We included peer-reviewed studies in English that focused on depression, anxiety, and/or suicidal ideation; involved human participants (clinical or non-clinical populations), aged 10–25 (or with a sample mean age >9 and ≤25); and evaluated smartphone applications, with or without additional technologies like wearables or websites. We excluded studies that used only SMS, phone calls, or non-app-based web or wearable interventions, or involved participants outside the age range. To be inclusive to non-clinical populations, we selected studies with depression, anxiety, and/or suicidal ideation as a main outcome, but studies could target other mechanisms (e.g., rumination as a risk factor for depression). We included a range of study designs (e.g., pilot, feasibility, and randomized trials).

Following the search, all citations were collated and uploaded into Covidence (www.covidence.org). Titles, abstracts, and full text were screened by two or more independent reviewers (CAF, CSS, RZ, NO, NJPF, WK, GC, KWG) for assessment against the inclusion criteria, with a training session by the lead author before screening. Disagreements were resolved through discussion or by an additional reviewer (CAF or CSS).

Data analysis

Data were extracted in duplicate in Covidence and conflicts were resolved by a third reviewer. We documented each study’s primary mental health focus, country, setting, and research design. We examined whether studies included information on youth involvement into app development using participatory methods (e.g., co-design) and the involvement of other stakeholders (e.g., guardians, clinicians), and each DEI criterion (coding as reported/not reported, see Table 5 for a description). We provide a narrative summary of the DEI criteria and youth and stakeholder involvement. The Supplementary Material shows the charting template, which we pilot tested before the extraction. If information on DEI criteria or youth/stakeholder involvement was missing in the main paper, we examined the Supplementary Material, or formative work (e.g., co-design studies), if available. If studies did not take DEI criteria into account in the development but described the need to do so in their future work, we coded this as ‘reported’.

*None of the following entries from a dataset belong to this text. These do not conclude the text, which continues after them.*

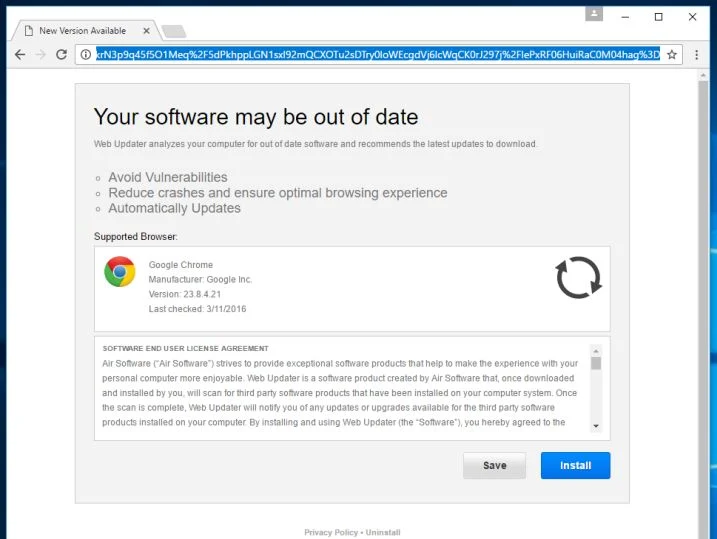 Blueyallerhornet.click-the-download.pw virus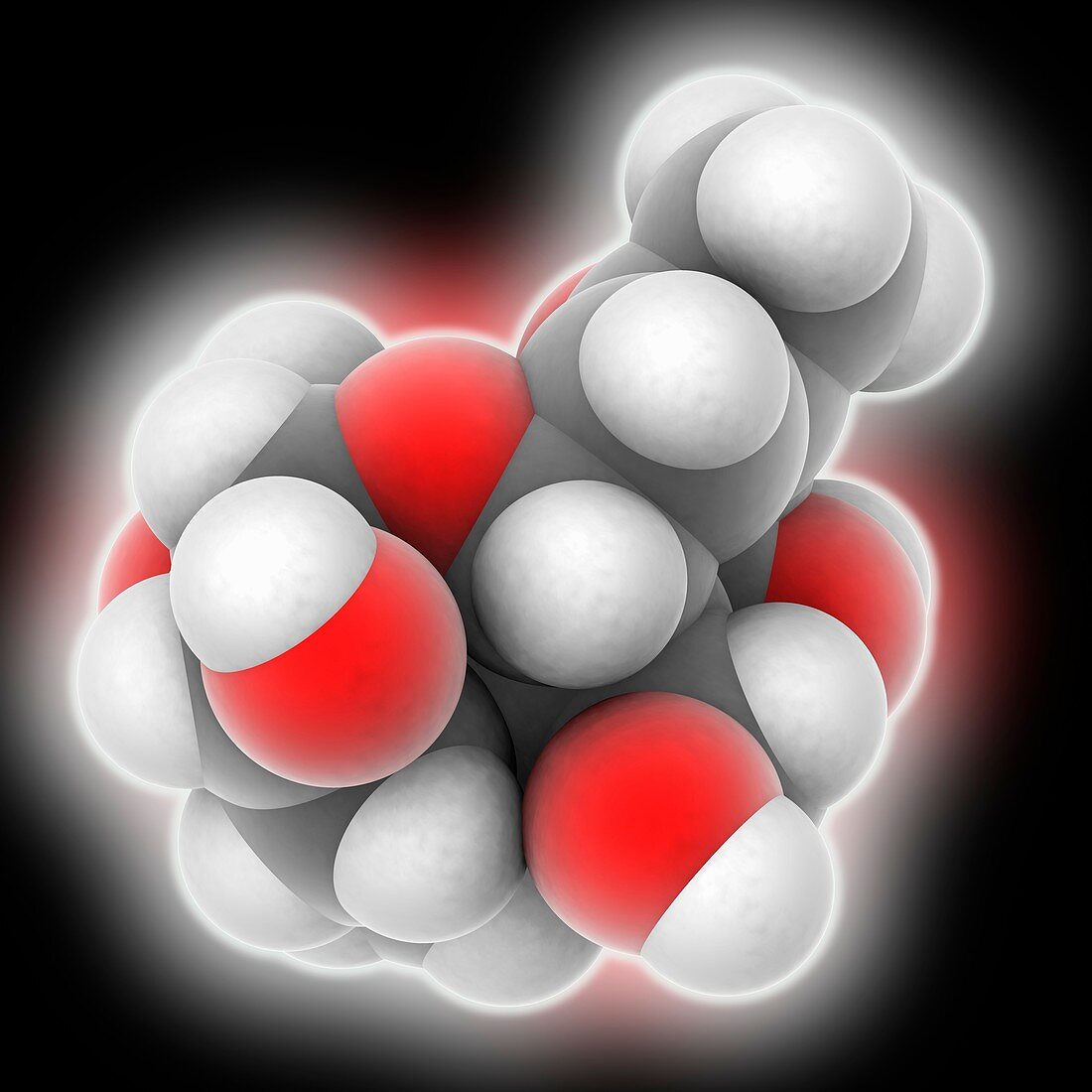 Vomitoxin (Deoxynivalenol) mycotoxin molecule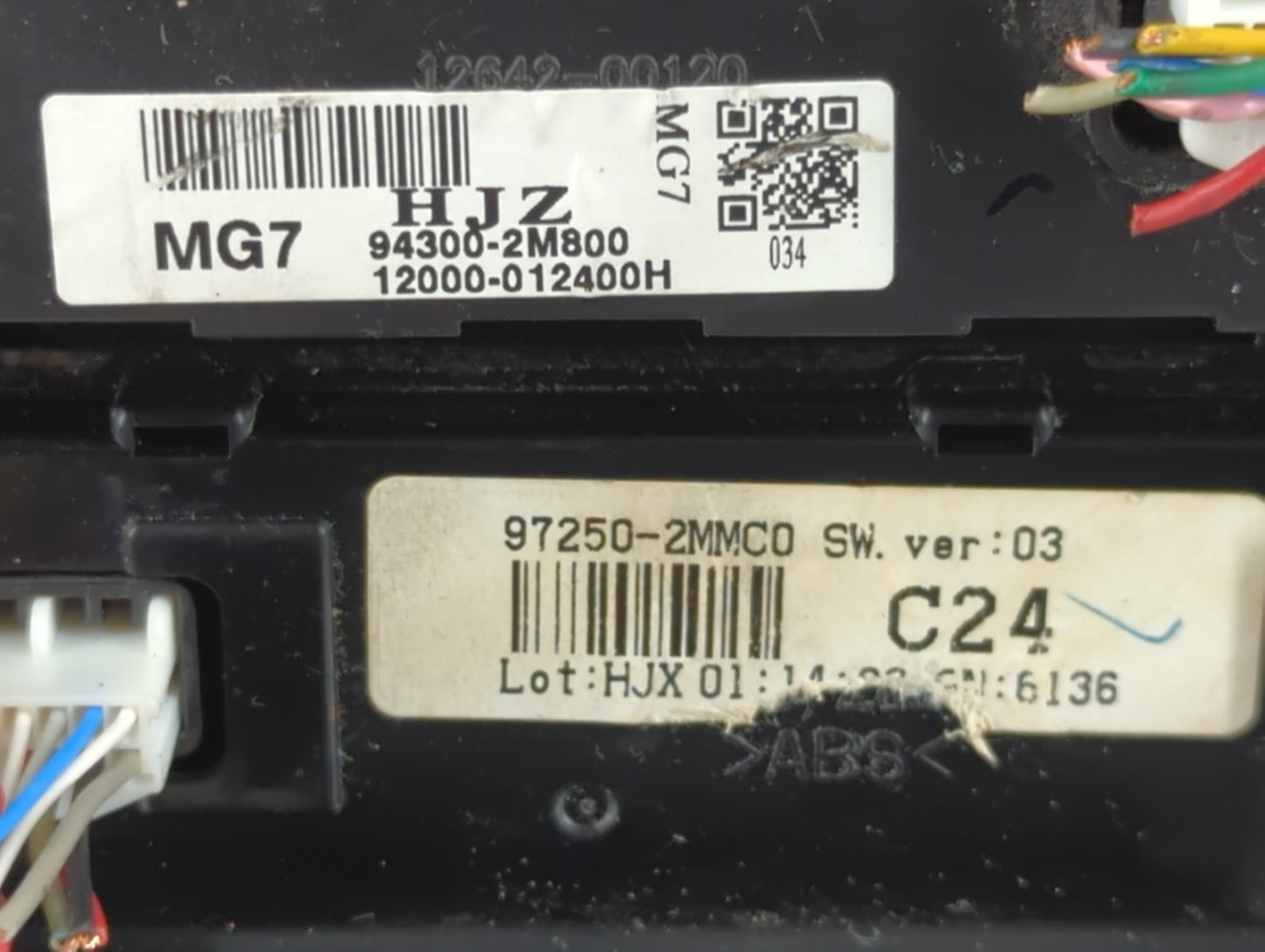 2013-2016 Hyundai Genesis Climate Control Module Temperature AC/Heater Replacement P/N:97250-2MMC0 Fits Fits 2013 2014 2015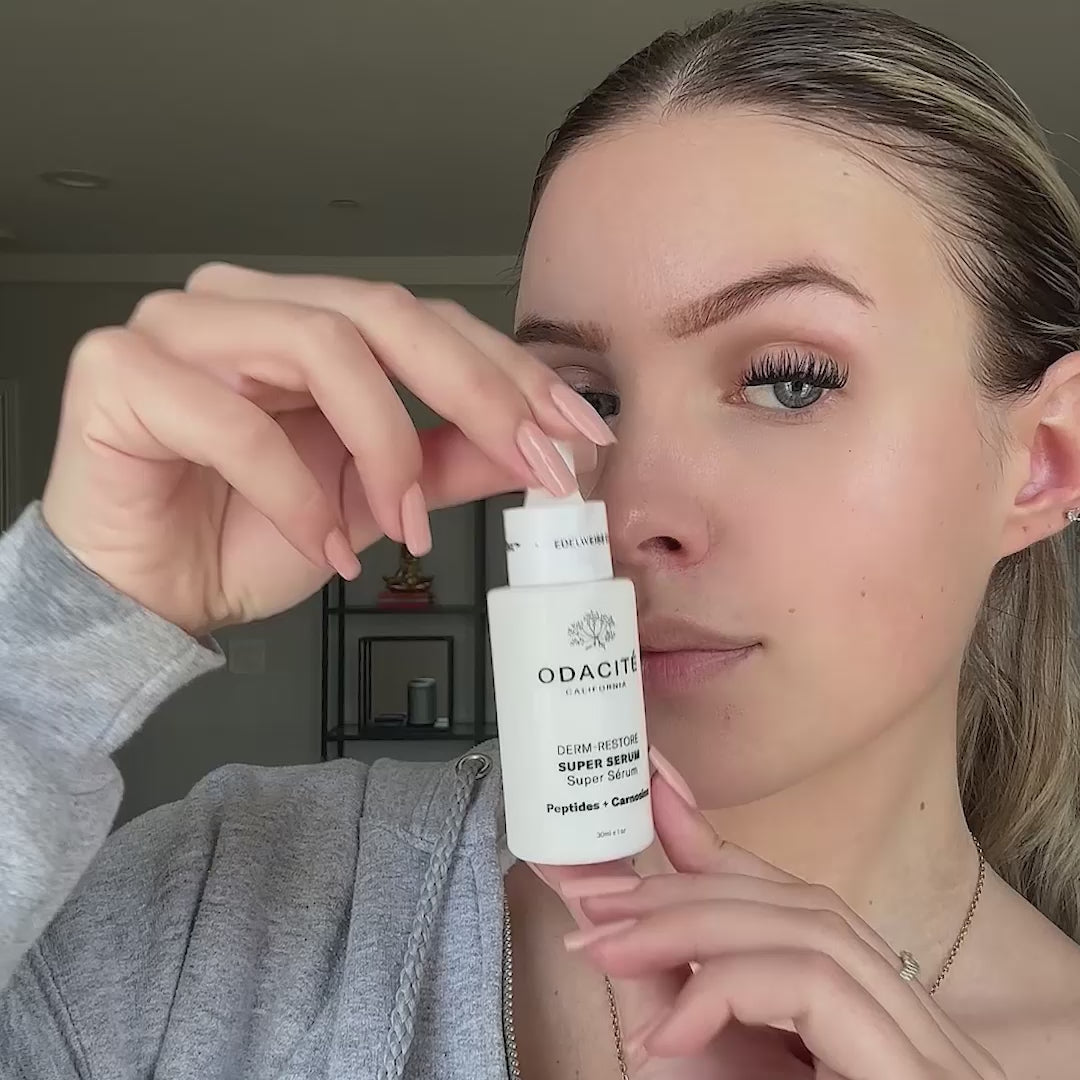 Derm-Restore Super Serum | Peptides + Carnosine | Odacité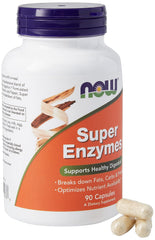 Now Foods Super Enzymes, Blend Of Enzymes That Supports Healthy Digestion | 90 Tablets, 150gm 0.3lbs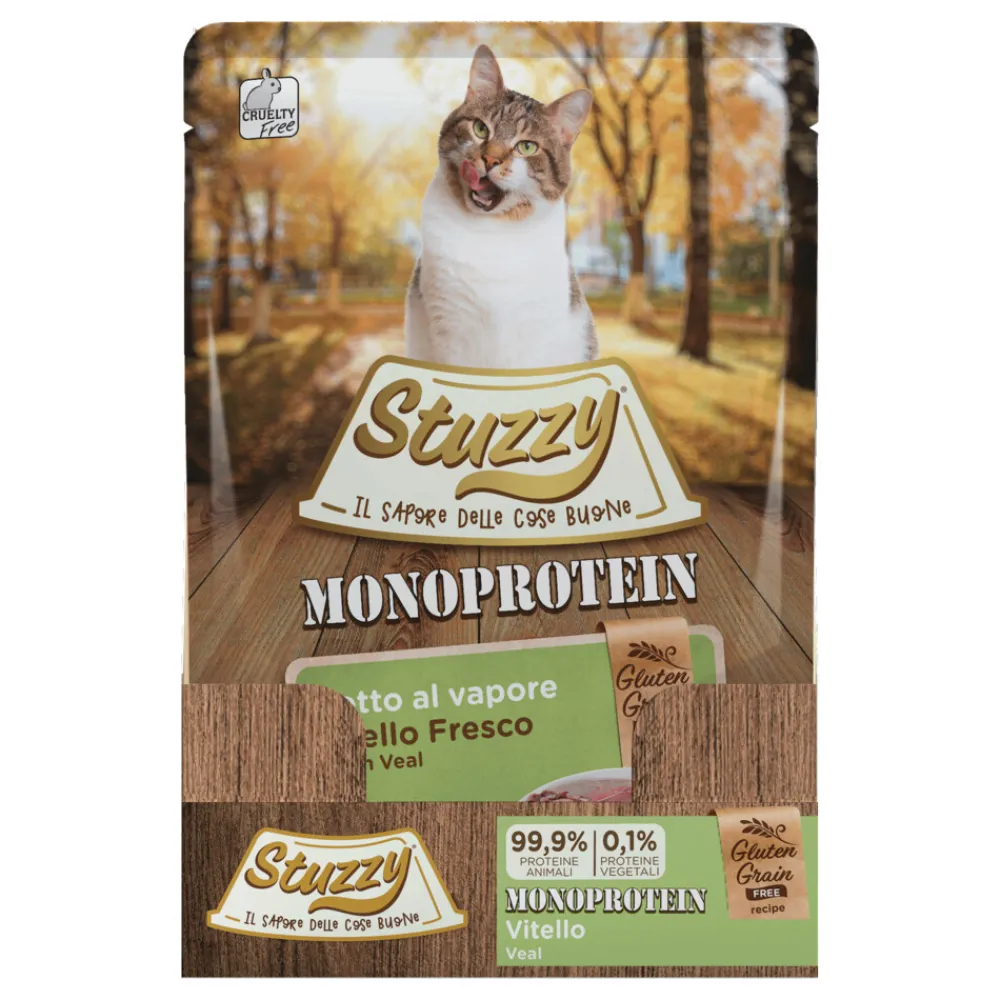 Kattenvoer<Stuzzy Kattenvoer Monoprotein Kalf 85 gr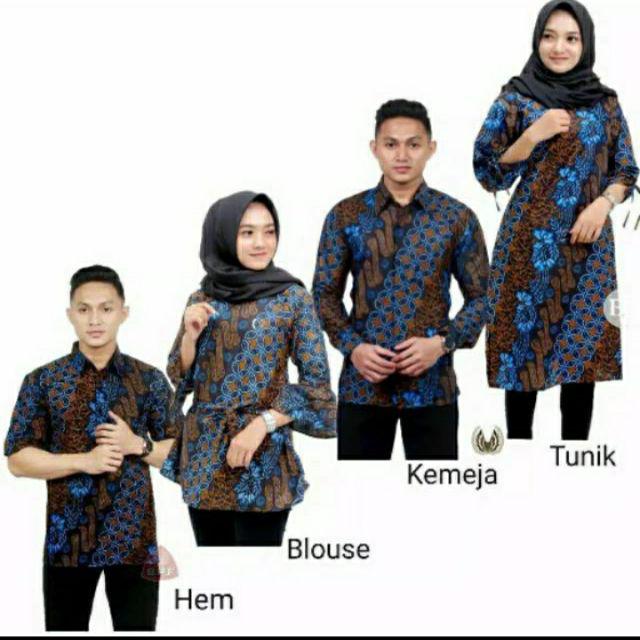 Kemeja Hem Batik Terviral Top 1 Di Shopee Original No Kw Ready Seragam Harga Grosir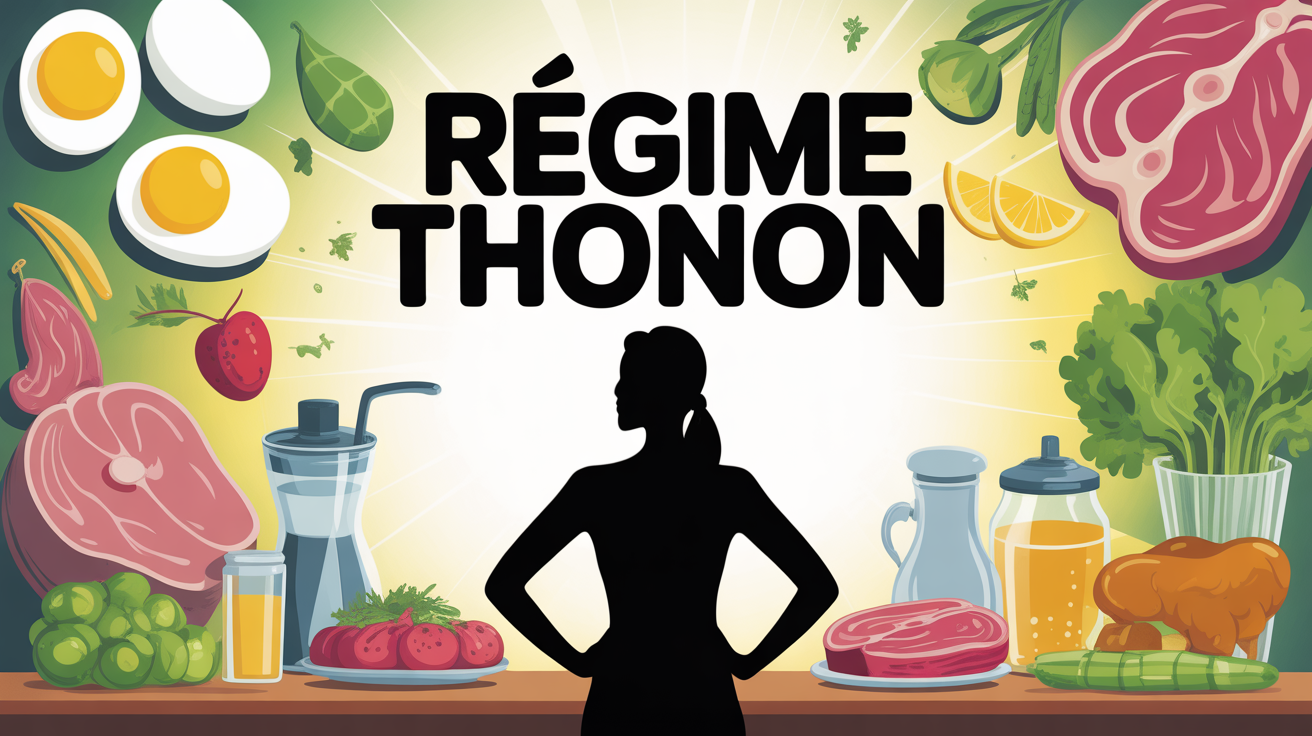 regime thonon tableau mural aliments hyperproteines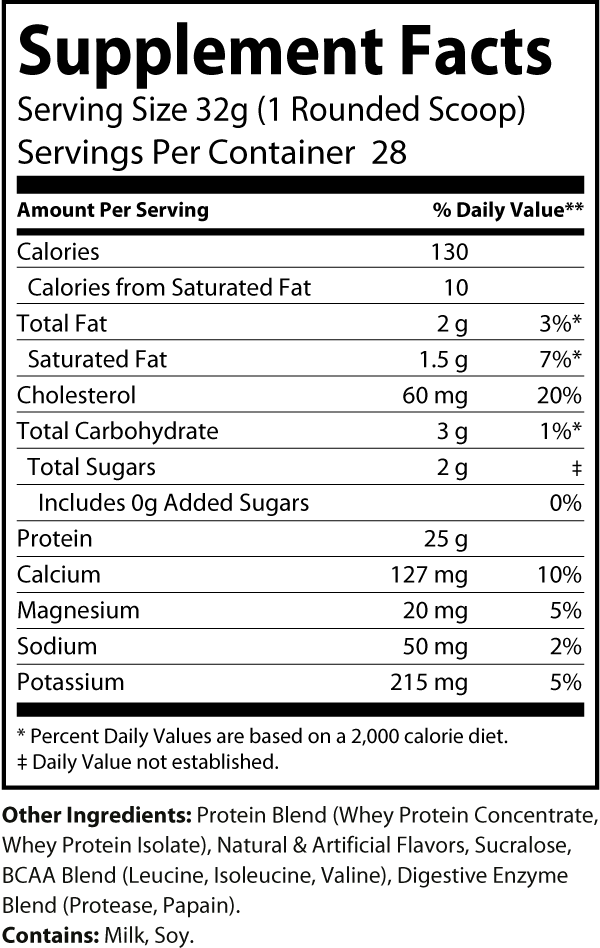 Protein Whey 2LB Vanilla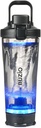 BUZIO Electric Protein Shaker Steklenica, 24 oz Stresajte Blender Steklenica, USB polnilne Blender steklenice za Protein Mixes Shaker skodelice, Prenosne velike športne vodne steklenice Izdelane s Tritan, Črna
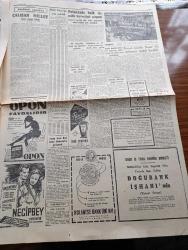 Cumhuriyet Gazetesi - 8 Nisan 1957 - İngiltere'nin Kıbrıs Siyaseti Karşısında Ankara'nın Durumu - Batı Trakya'daki Durum İçin Teşebbüse Geçilecek - Yunan Balıkçıları Gene Sularımızda Avlanmaya Başladı - Genç Milli Takımımız Polonyaya Yenildi - Çarşafla Mücadele - Başbakan Adnan Menderes'in Son Demeçleri Karşısında CHP'lilerin Görüşü - Süveyş Kanalı İşinde Nasır İle Anlaşma Ümidi Kesildi - 50 Yıl Evvelki Kuleli'den Hatıralar Nizamiye Kapısı Yazan Hasan Amca Yazı Dizisi - Kırkıncı Oda Yazan Peride Celal Yazı Dizisi - Batı Memleketleri İle Sovyet Bloku Arasındaki Sanayi Yarışı - Pazartesi Konuşmaları Yazan Bedri Rahmi Eyüboğlu Köşe Yazısı - Tarihi Bir Eser Ortaya Çıkarıldı - Sıfırı Hindliler İcat Etmiş - Haftalık Radyo Programı - Resimli Romanımız Mormon Mezhebi Ve Kurucusunun Dramı Çeviren Mazhar Kunt Yazı Dizisi - Cumhuriyet'in Tefrikası Kör Düğüm Çeviren Hatice Vildan Yazı Dizisi - Beşiktaş Kongresini Karma Liste Kazandı - Buduri Kupasını Galatasaray Kazandı - Adalet Demirspor'u Yendi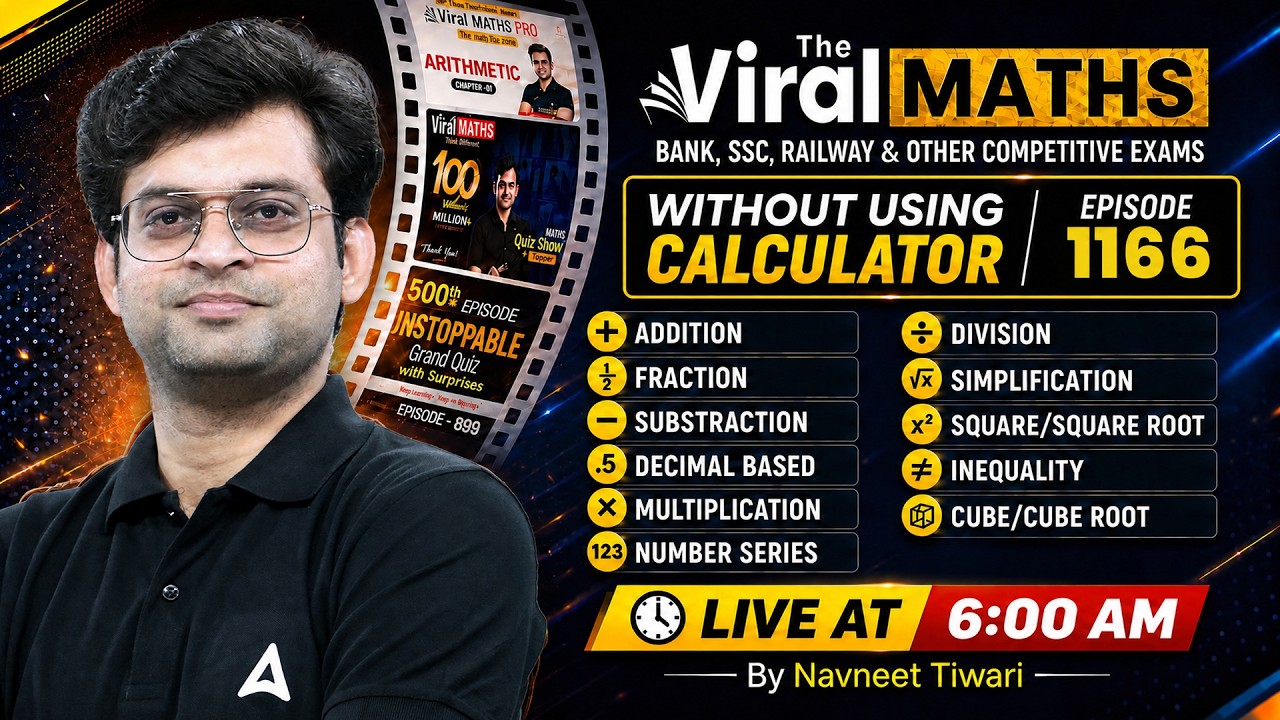Viral Maths 1166 | Without Calculator | Complete Maths Tricks for Bank, SSC & Railway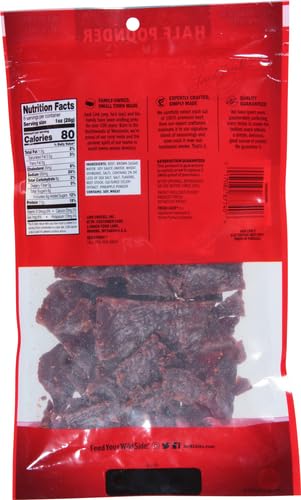 Jack Link's Beef Jerky, Teriyaki, Half Pounder Large Bag - Flavorful Meat Snack with 11g Protein per Serving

Table 5 Diversity, Equity, and Inclusion (DEI) Category, criterion, and description

Our original aim was to analyze the overall prevalence of racial/ethnic minoritized participants, age, education, immigration status, annual income (of parents/guardians), and gender identity. As reporting practices in the studies demonstrated high variability– with different definitions and classifications used among studies, we decided not focus on prevalence, but on identifying the majority group in the examined studies. Our categorization of race/ethnicity is shown in the Supplementary Material.

We distinguished between design and evaluation activities based on their purpose and timing in the app development process (as shown in Fig. 4). Design was defined as activities where end-users and other stakeholders generate ideas or provide feedback on early versions of an intervention. This includes approaches such as co-design workshops, focus groups, interviews, or prototyping sessions87,88. Evaluation was defined as activities that assess feasibility, usability, acceptability, or effectiveness once (a version of) an intervention is available for testing88. While design and evaluation often overlap in the iterative refining processes, we categorized activities according to their primary intent as described in the studies.